MPICH with NVIDIA Compilers
Hi Mpich Team,
I have build MPICH with NVIDIA compilers (nvc, nvc++ nvfortran) on TACC Vista machine. Though srun works but mpiexec job launcher results in following errors. Any suggestions?
i615-001gg$ mpiexec -np 16 -ppn 2 ./namd3_mpi_smp_fftw3 +ppn 71 +pemap 1-71,73-143 +commap 0,72 stmv.namd [proxy:[email protected]] created hwloc xml file /tmp/hydra_hwloc_xmlfile_QmhOmh [proxy:[email protected]] created hwloc xml file /tmp/hydra_hwloc_xmlfile_kYI4Ja [proxy:[email protected]] created hwloc xml file /tmp/hydra_hwloc_xmlfile_7fPRik [proxy:[email protected]] created hwloc xml file /tmp/hydra_hwloc_xmlfile_bjz7BQ [proxy:[email protected]] created hwloc xml file /tmp/hydra_hwloc_xmlfile_LGXVSr [proxy:[email protected]] created hwloc xml file /tmp/hydra_hwloc_xmlfile_4GtuuA [proxy:[email protected]] created hwloc xml file /tmp/hydra_hwloc_xmlfile_ud3CVC [proxy:[email protected]] created hwloc xml file /tmp/hydra_hwloc_xmlfile_uKHjRx [proxy:[email protected]] cache_put_flush (proxy/pmip_pmi.c:183): assert (s) failed [proxy:[email protected]] cache_put_flush (proxy/pmip_pmi.c:183): assert (s) failed [proxy:[email protected]] cache_put_flush (proxy/pmip_pmi.c:183): assert (s) failed [proxy:[email protected]] cache_put_flush (proxy/pmip_pmi.c:183): assert (s) failed [proxy:[email protected]] cache_put_flush (proxy/pmip_pmi.c:183): assert (s) failed [proxy:[email protected]] cache_put_flush (proxy/pmip_pmi.c:183): assert (s) failed [proxy:[email protected]] cache_put_flush (proxy/pmip_pmi.c:183): assert (s) failed [proxy:[email protected]] cache_put_flush (proxy/pmip_pmi.c:183): assert (s) failed Abort(878831119) on node 2: Fatal error in internal_Init_thread: Other MPI error, error stack: internal_Init_thread(49255)...: MPI_Init_thread(argc=0xfffff342b99c, argv=0xfffff342b990, required=1, provided=0xfffff342b988) failed MPII_Init_thread(265).........: MPIR_init_comm_world(34)......: MPIR_Comm_commit(800).........: MPIR_Comm_commit_internal(585): MPID_Comm_commit_pre_hook(151): MPIDI_world_pre_init(640).....: MPIDI_UCX_init_world(263).....: initial_address_exchange(79)..: MPIDU_bc_table_create(153)....: MPIR_pmi_allgather_shm(690)...: get_ex_segs(431)..............: (unknown)(): Other MPI error
Which version of MPICH is this? Could you try the latest release?

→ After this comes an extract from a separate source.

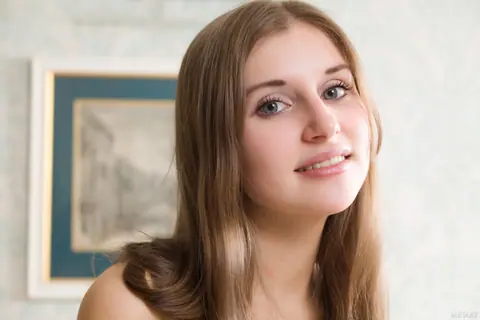 Viva B: Tall Blonde Strips Off Her Panties and Spreads Her Pussy – photo 2 of 20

Its the latest 4.2.3 version.
Could you add -v -l option to mpiexec and upload the console log?
Here is the log file, run.log
The main error is [[email protected]] Launch arguments: /usr/bin/srun -N 8 -n 8 --input none --external-launcher /scratch/projects/compilers/nvidia24/mpich/4.2.3_cpu/bin/hydra_pmi_proxy --control-port i615-001.vista.tacc.utexas.edu:45341 --debug --rmk slurm --launcher slurm --demux poll --pgid 0 --retries 10 --usize -2 --pmi-port 0 --gpus-per-proc -2 --gpu-subdevs-per-proc -2 --proxy-id -1 [proxy:[email protected]] HYDU_create_process (lib/utils/launch.c:73): execvp error on file 1 (No such file or directory)
Could you try ? -
mpiexec -v -np 16 -ppn 2 ./namd3_mpi_smp_fftw3 +ppn 71 +pemap 1-71,73-143 +commap 0,72 stmv.namd
Any update on this ticket?
Sorry for neglect. Could you try the newest MPICH 4.3.0rc1 release (https://www.mpich.org/downloads/), and if it still fails, upload the run log?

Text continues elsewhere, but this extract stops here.